This one is shaped like a cannonball, story-wise. It's difficult to convey how much actually goes on by how many people across how many sets in 119 minutes, it's amazing. Not only that, but more amazing is the cohesiveness of the cast- nobody sticks out or tries to take over the scene. There seems to be just as much going on without dialogue as there is with speaking parts. That just doesn't happen in every movie and the balance of so much is enough imo to recommend the show.
Won Bin is CHA Tae-sik, aka Pawnshop, who doesn't stand out initially as anyone special. He's slim, dressed in black, has shaggy hair- looks like a loner. Because of his past, which we don't know yet, his heart has inadvertently attached itself to a young girl who is also a loner living in the same building. He fights getting attached while she's regular at his pawnshop window, swapping her MP3 for cash to save up for nail art supplies. The little girl has a derelict but not absentee mother, there is a little shop on the corner with a chubby bespectacled owner and there are street cops patrolling the neighborhood even in the daytime. We get to know all these little players as well as we know the big ones.
There are two brothers as the main bad guys who work for a drug czar and create a side business selling body parts. Soon they decide they are big enough to take over the czar's drug trade before he can opt himself into the body parts business. SONG Young-chang is perfection as the smarmy mid-level high-strung drug spank for the Chinese mafia and he's magnified by the Chinese major in his employ. He has his eyes on the prize for sure, but the more serious he gets, the more comical he appears. Great fun!
The girl's mom is the idiot who gets this cannonball of a movie rolling by stealing drugs from a mule, hiding the stuff in a camera case, then pawning it, apparently thinking her boyfriend who knew about the deal will take the blame. Yeah, no.
The counterweight to Won Bin's CHA Tae-sik is Thailand's Thanayong Wongtrakul (nickname Kradum) playing Ramrowan. This guy stuck out. He looked edgy, dangerous, deadly and bored. People saw him as a hired gun- the now kidnapped little girl saw him as maybe a good friend like Pawnshop- they were about the same age and build. His heart inadvertently attached to her also, but he had a tiny little hard heart. In my estimation, Ramrowan wanted to belong to a better life and I think he knew "the stranger", Pawnshop, would get him there. He wanted the battle of a warrior, not an eventual bullet in the back from his current employers.
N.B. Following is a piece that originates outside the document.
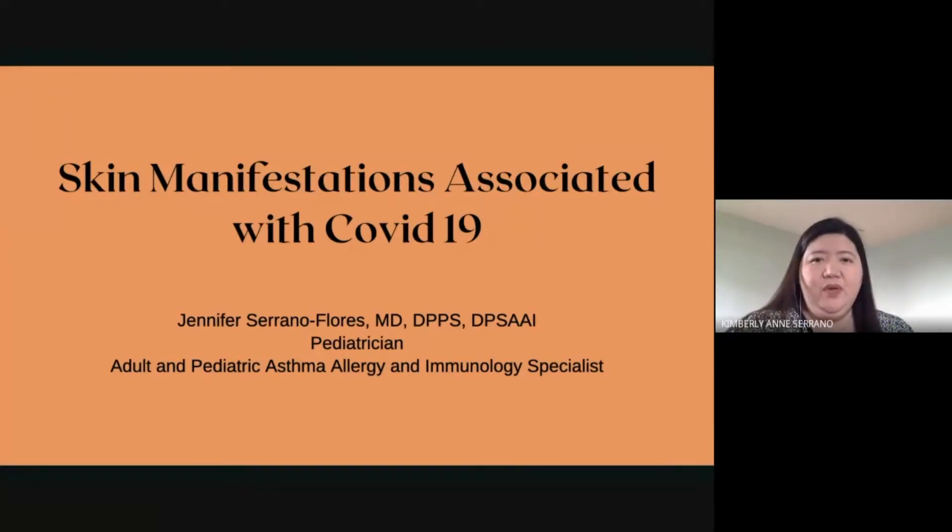A pleasant afternoon to everyone. I am Dr. Jennifer Serrano-Flores, pediatrician, adult and pediatric asthma, allergy, and immunology specialist, and I will be discussing about the skin manifestations of COVID-19.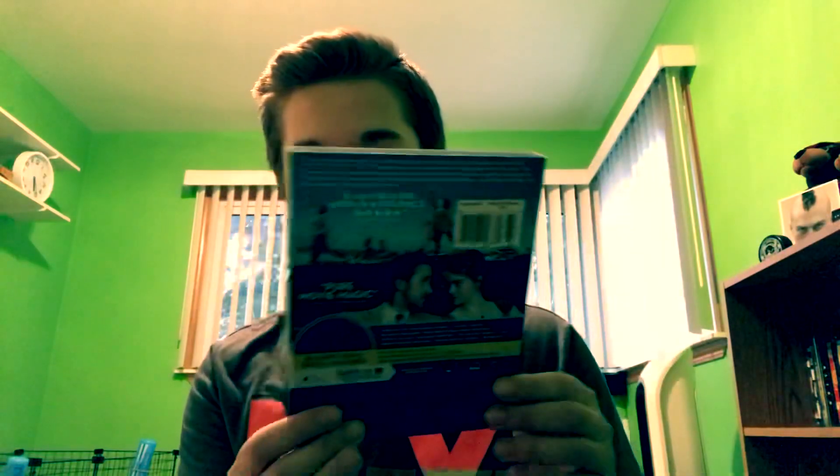Next, moving on to the Blu-rays. We have La La Land, one of my all-time favorite movies. Great story, great music, great direction, great cinematography — this movie was all around just great. It's got Ryan Gosling and Emma Stone and I'm glad to finally own this on Blu-ray. Here's the front with a really cool shiny slip cover. The back says over three hours of special features. Inside we have a DVD and a Blu-ray copy, though they didn't do anything different with the disc art — kind of lazy.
One of the things I enjoyed about the movie were the various things being chased by others: cops after the bad brothers, the bad brothers after control, our hero after the little girl, the little girl after her mother, her mother after escapism and Ramrowan after our hero so he could fight him and die well. The things everyone was after were things nobody could easily turn loose from. You couldn't say to the character: "What an idiot, just let go!"
Such a smart, violent movie with plenty of blood and a splash of requisite nudity. A corpse doesn't have erect nipples but of course it does in Man From Nowhere.
This movie kicks butt. It's violent- the warnings aren't for nothing- but it's great.